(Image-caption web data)
►

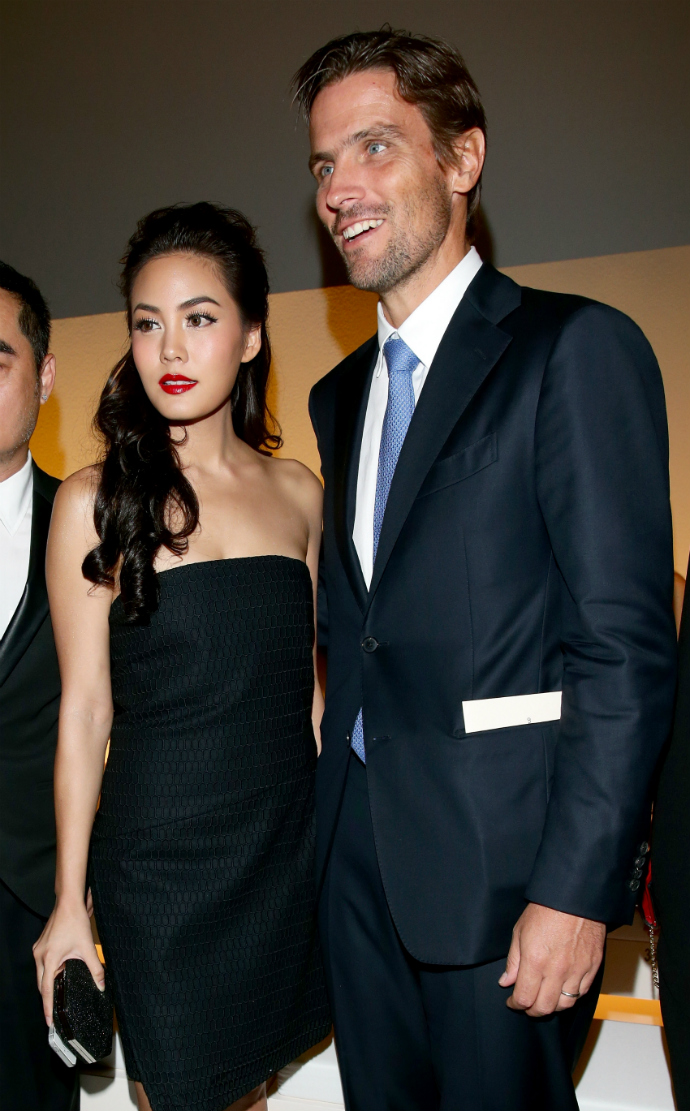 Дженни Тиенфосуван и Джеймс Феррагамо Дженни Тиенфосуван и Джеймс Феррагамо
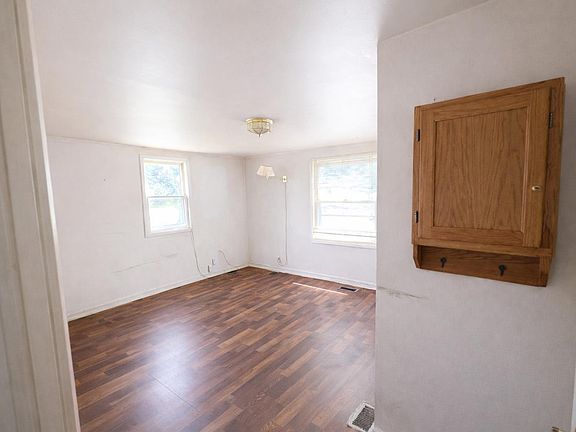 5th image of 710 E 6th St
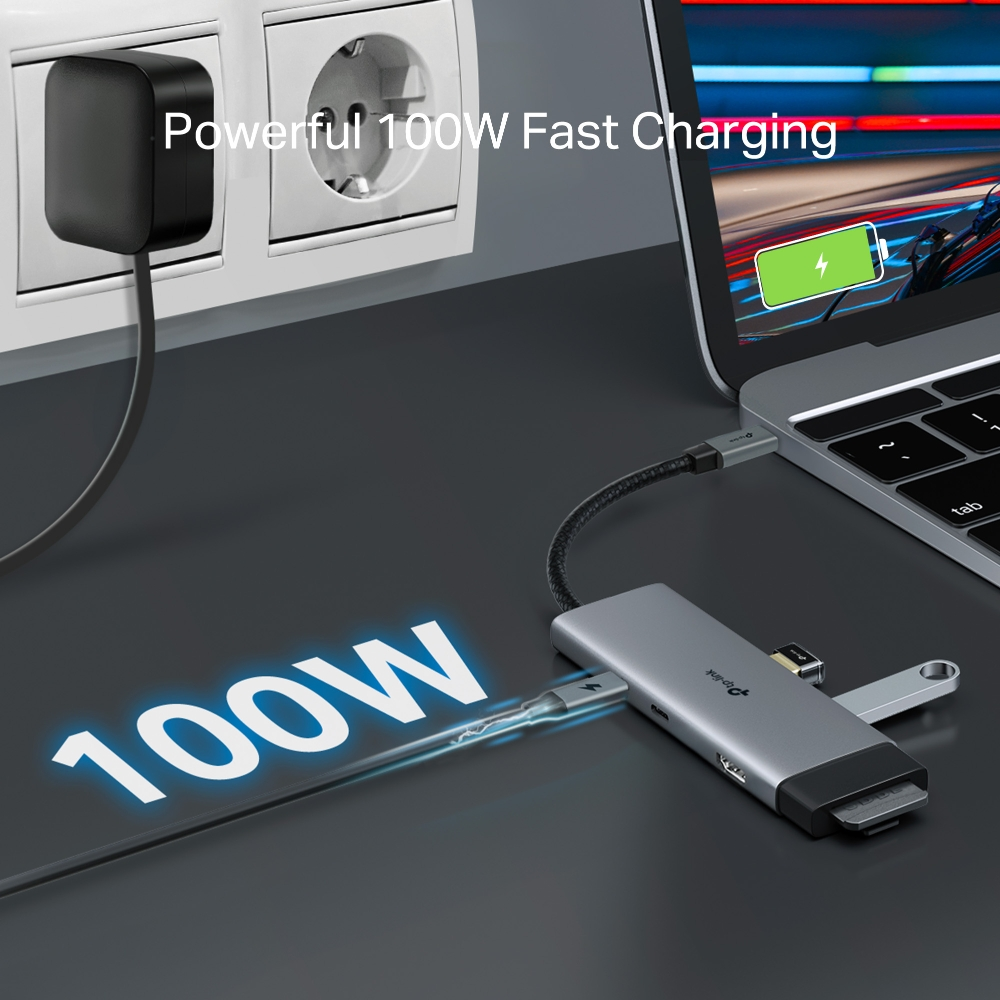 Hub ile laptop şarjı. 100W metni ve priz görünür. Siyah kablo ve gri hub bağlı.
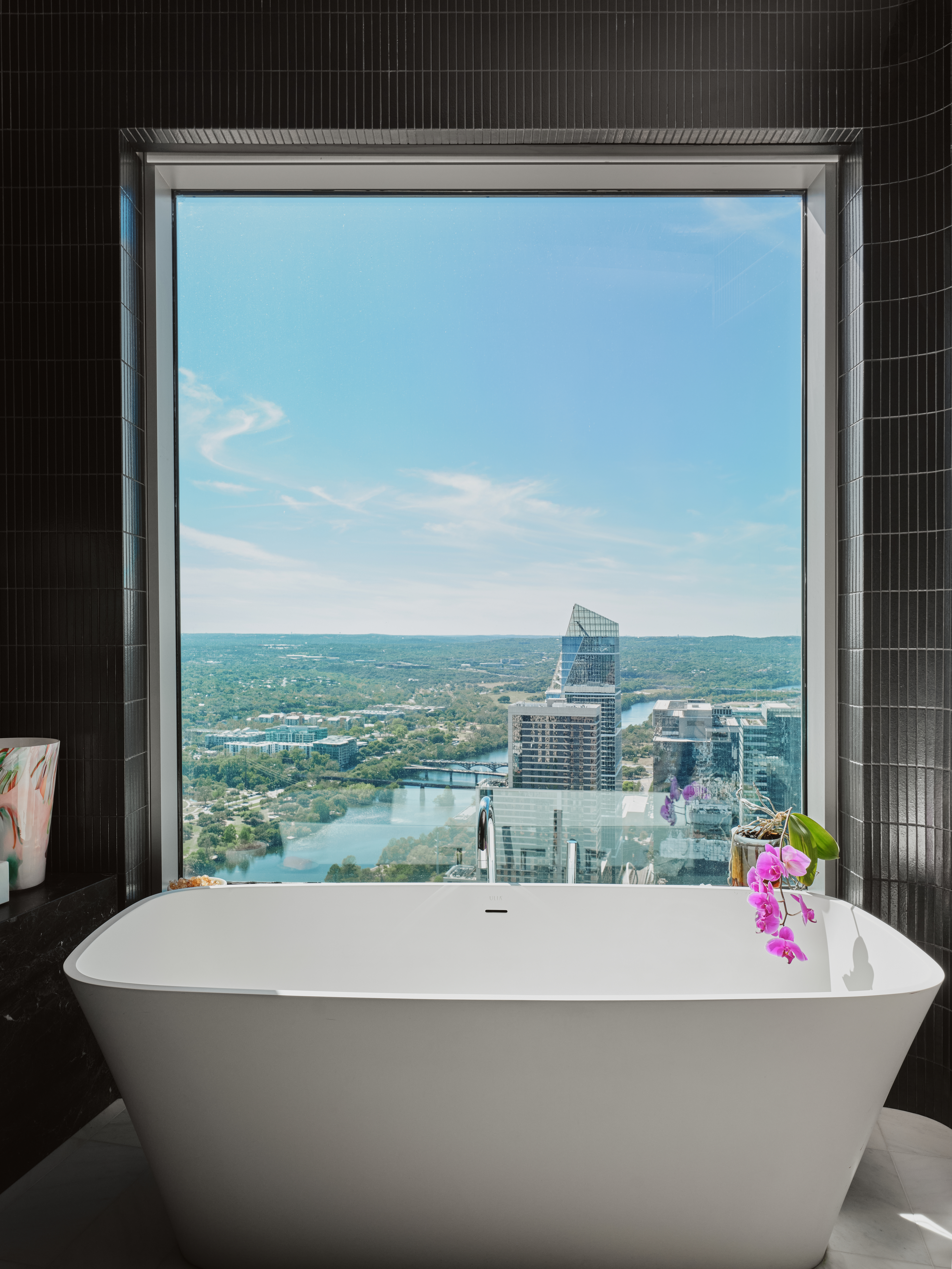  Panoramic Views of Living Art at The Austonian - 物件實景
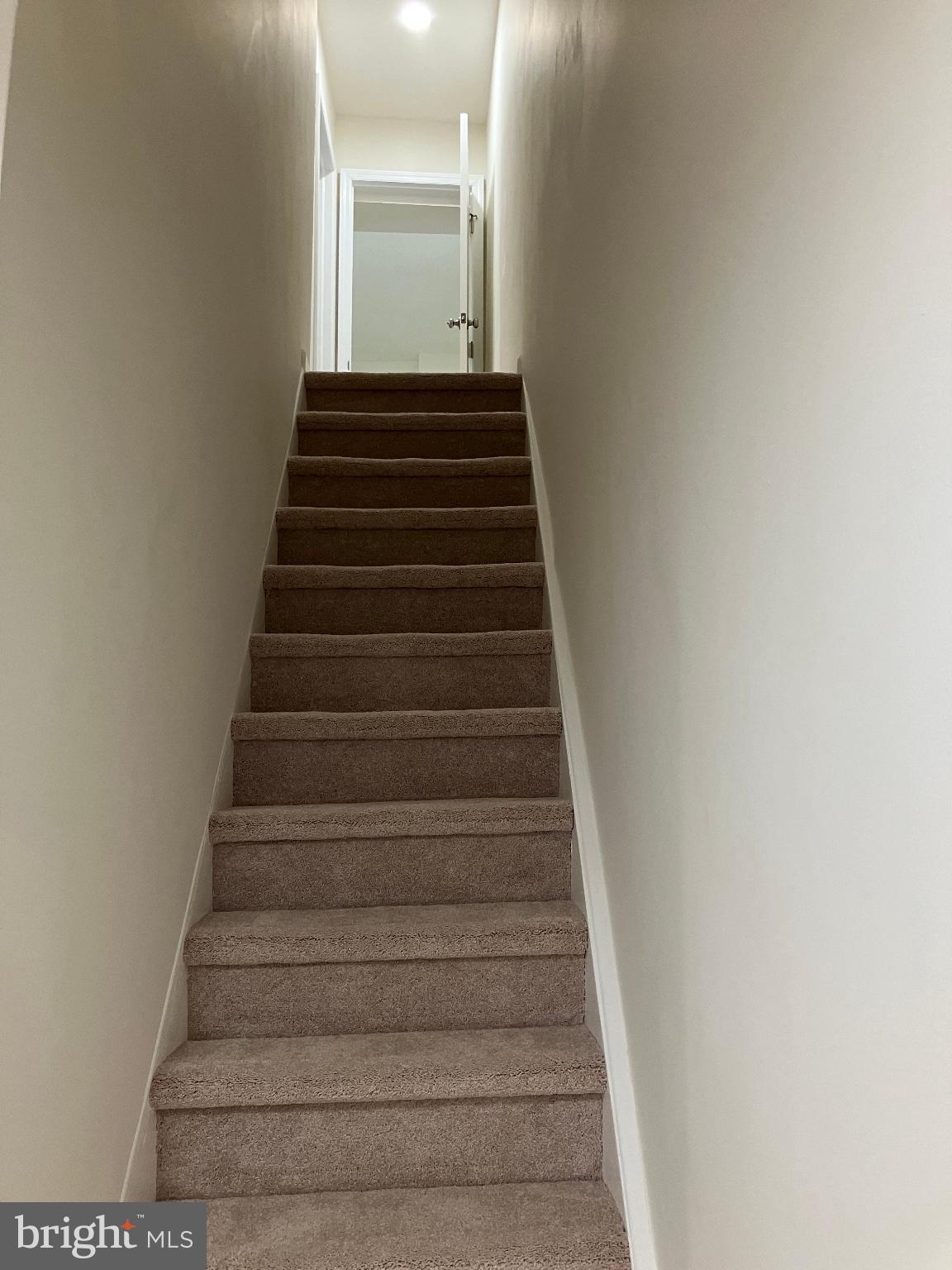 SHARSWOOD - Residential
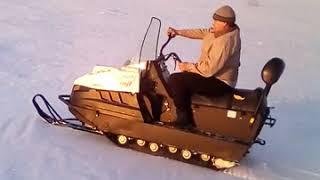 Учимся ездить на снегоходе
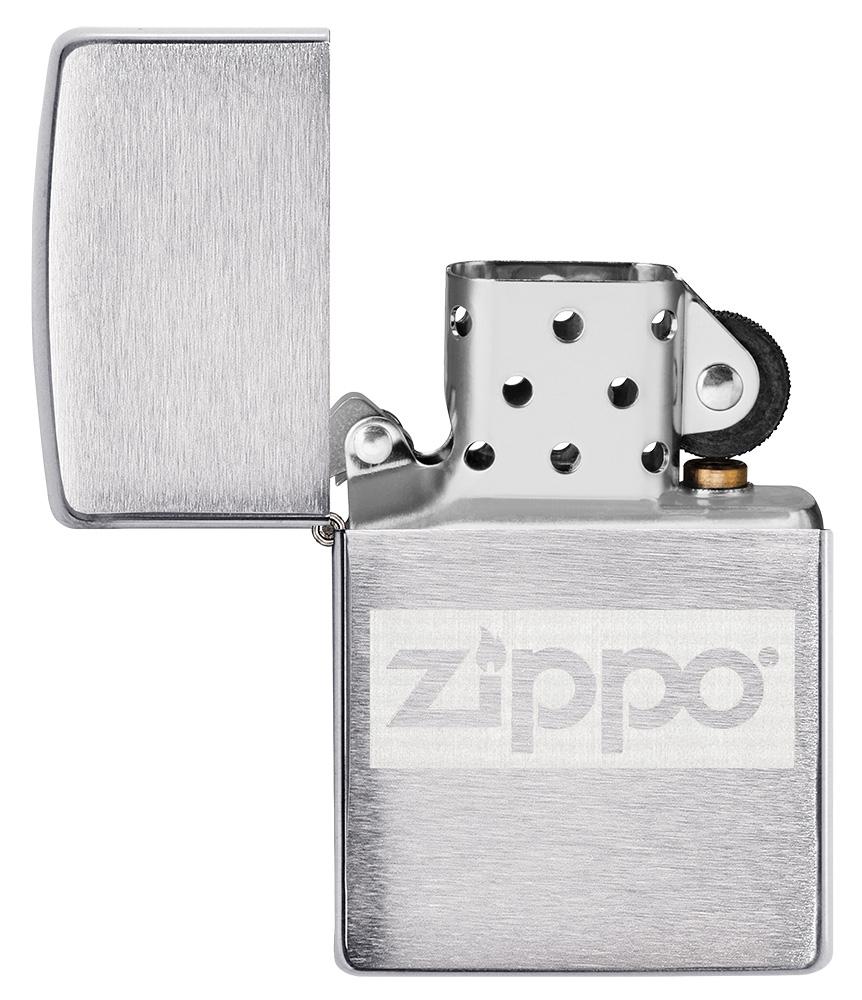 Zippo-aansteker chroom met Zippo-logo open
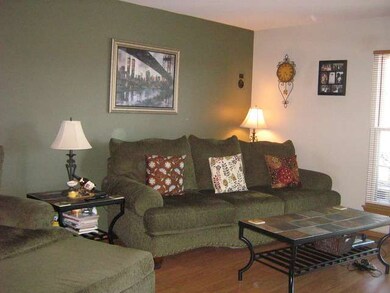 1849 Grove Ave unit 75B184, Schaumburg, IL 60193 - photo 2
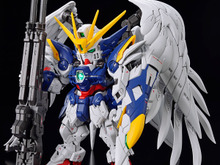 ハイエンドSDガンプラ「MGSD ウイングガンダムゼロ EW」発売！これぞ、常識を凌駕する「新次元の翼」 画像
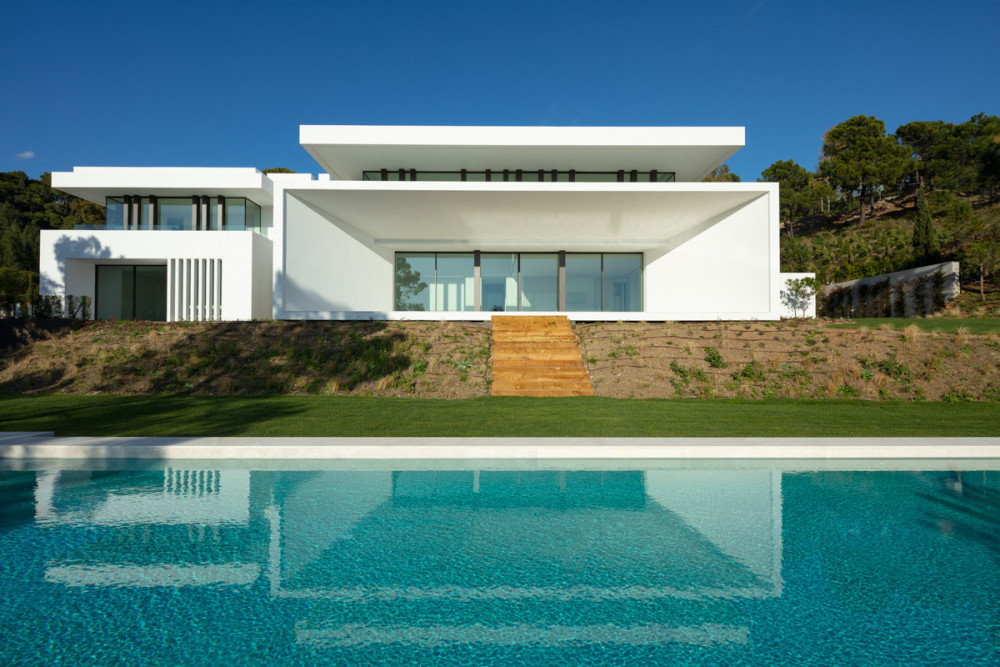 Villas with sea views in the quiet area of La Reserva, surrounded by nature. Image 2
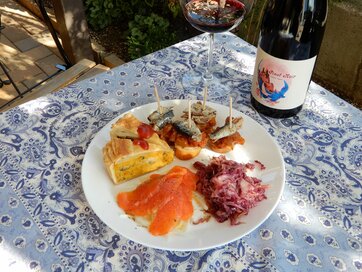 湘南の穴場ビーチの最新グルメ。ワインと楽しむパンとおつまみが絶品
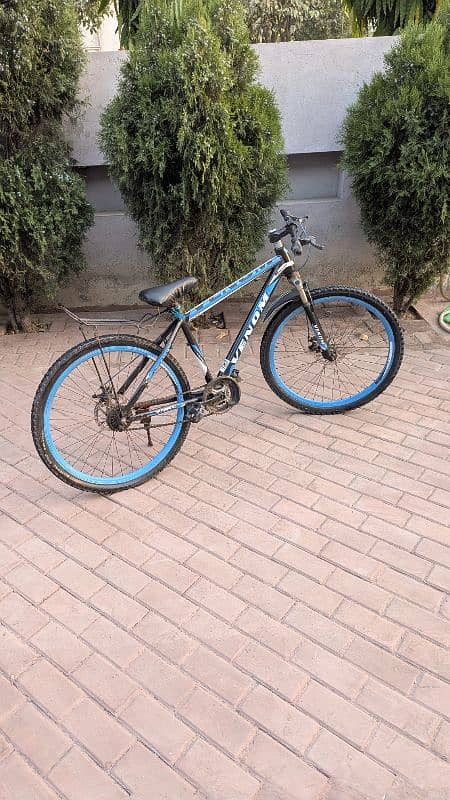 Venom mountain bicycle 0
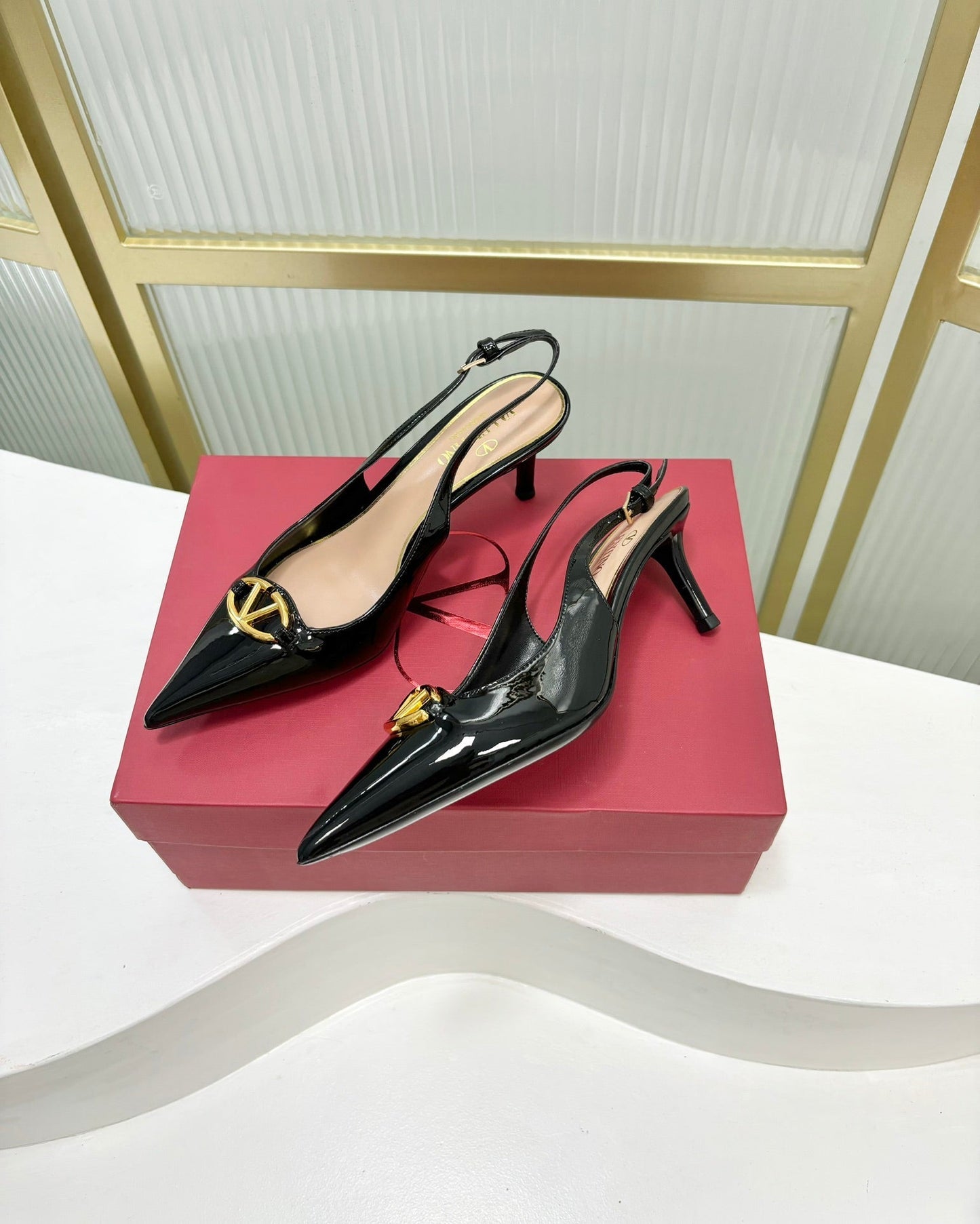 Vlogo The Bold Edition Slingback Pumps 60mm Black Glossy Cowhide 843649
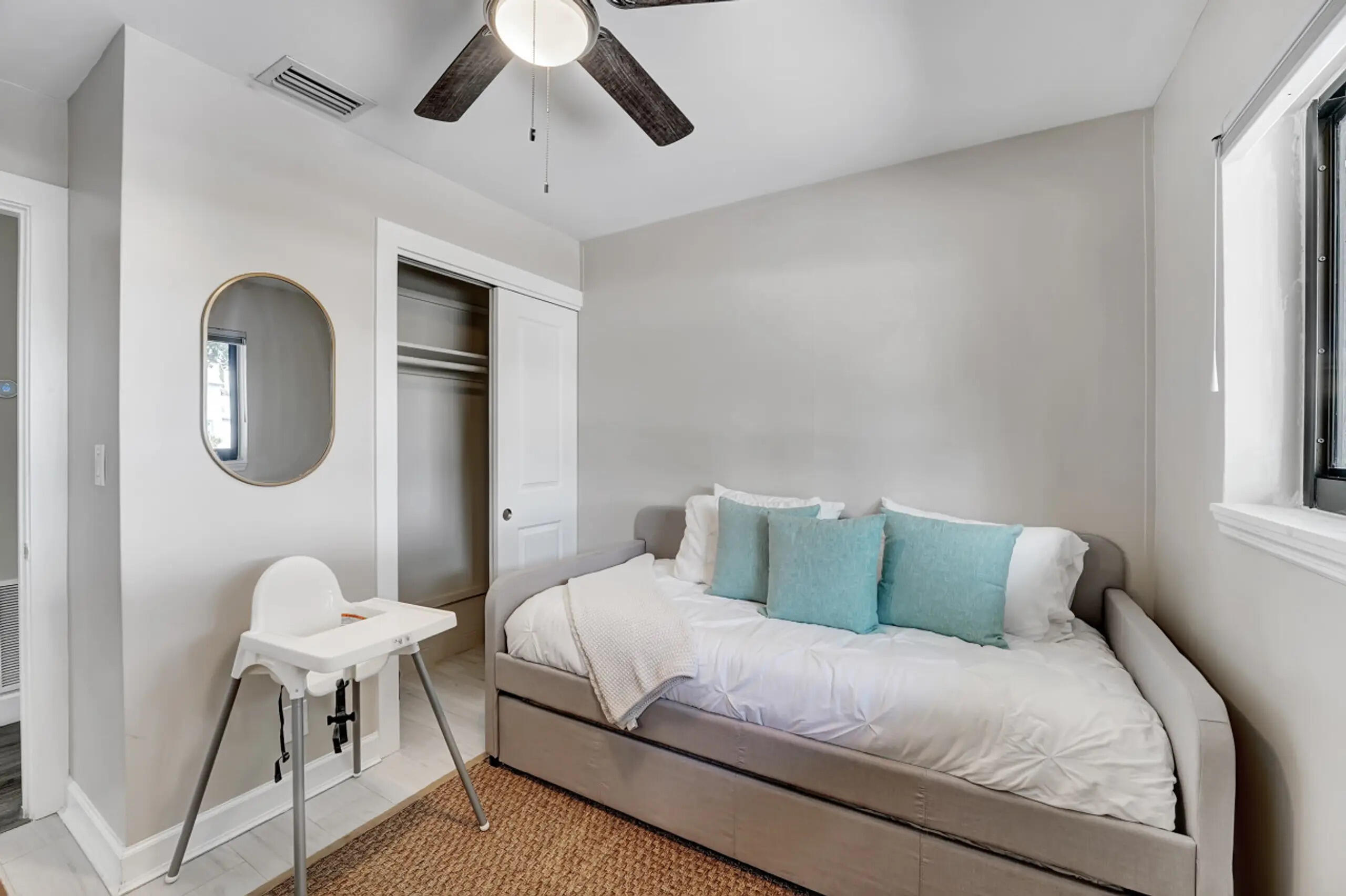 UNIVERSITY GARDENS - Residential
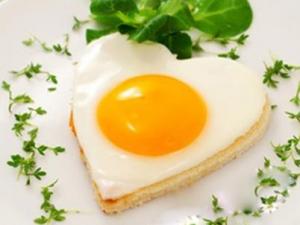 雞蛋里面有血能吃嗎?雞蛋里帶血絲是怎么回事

◄

TASK GOAL: What's needed is an exact retyping of the records, pictures excluded.

ANSWER SECTION:
 Дженни Тиенфосуван и Джеймс Феррагамо Дженни Тиенфосуван и Джеймс Феррагамо
 5th image of 710 E 6th St
 Hub ile laptop şarjı. 100W metni ve priz görünür. Siyah kablo ve gri hub bağlı.
  Panoramic Views of Living Art at The Austonian - 物件實景
 SHARSWOOD - Residential
 Учимся ездить на снегоходе
 Zippo-aansteker chroom met Zippo-logo open
 1849 Grove Ave unit 75B184, Schaumburg, IL 60193 - photo 2
 ハイエンドSDガンプラ「MGSD ウイングガンダムゼロ EW」発売！これぞ、常識を凌駕する「新次元の翼」 画像
 Villas with sea views in the quiet area of La Reserva, surrounded by nature. Image 2
 湘南の穴場ビーチの最新グルメ。ワインと楽しむパンとおつまみが絶品
 Venom mountain bicycle 0
 Vlogo The Bold Edition Slingback Pumps 60mm Black Glossy Cowhide 843649
 UNIVERSITY GARDENS - Residential
 雞蛋里面有血能吃嗎?雞蛋里帶血絲是怎么回事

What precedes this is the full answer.